We know quite a few people who have been to Paris. And 4 out of 5 of them, had bad experiences. Some of them got ignored, yelled at, even robbed in broad daylight, and so on and so on. This actually boggle both of us at Le Sac Perdu HQ because from all the times we’d been to Paris, everything was wonderful. And our last trip was no exception.
So we arrived in Paris from Budapest with 2 gigantic luggages and 2 handbags and 2 doughnut pillows hanging from the handbags (what a sight, eh?). At that point in our journey, for some reason our weight had increased to about 25 kilograms for each person. From CDG we took the RER Train B to Gare du Nord, the closest station to our hotel near Jardin du Luxembourg that had accessibility. When we got to the station and had to go up and find the exit, we took a few escalators so it wasn’t so bad. But the last escalator, although the shortest one, thank God, apparently was out of service.
Now normally this would be no problem for both of us. We had our fair shares of traveling with big suitcases when we were in college. And we’re actually quite strong! But this time was different. My foot was injured, which had made me (Primarita here) limp in pain for a few weeks. Standing firmly on both feet was impossible, who knew how I had survived a week of walking around Prague and Budapest. And to top that, my travel partner (Maharani) tripped on a Budapest tram track and sprained her right arm. Bottom line, we were idiots.

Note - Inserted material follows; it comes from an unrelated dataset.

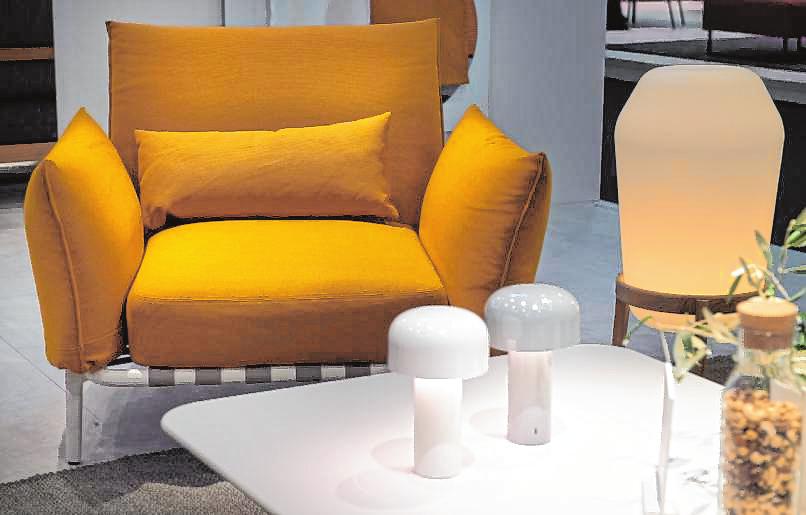 Die Farbe Gelb findet sich zunehmend im Wohnraum. Ein Sessel – hier von Dedon – bietet sich für den starken Farbton besonders an und kommt in Kombination mit einer farblich neutral gehaltenen Couch gut zur Geltung. Die Farbe Gelb findet sich zunehmend im Wohnraum. Ein Sessel – hier von Dedon – bietet sich für den starken Farbton besonders an und kommt in Kombination mit einer farblich neutral gehaltenen Couch gut zur Geltung.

At the sight of the broken escalator, we had déjà vu, a bad one. We had predicted this would happen at some point in our journey, especially at a train station. And for some reason that I still don’t know, at that moment my, and apparently Rani’s too, immediate thought was to actually pull ourselves onto that frickin escalator and try to climb it, instead of, I don’t know, be calm and look for a working elevator maybe?
As you could imagine, once we got on to the escalator, and this was during rush hour so foot traffic was crazy, I went ahead of Rani who was also struggling with her suitcase behind me. And with my shaky legs I only managed to pull my suitcase up two steps. After that it was completely anchored. It was a rock. It was Excalibur and I was a random peasant. My luggage was Mjolnir and I was Loki. You get the idea.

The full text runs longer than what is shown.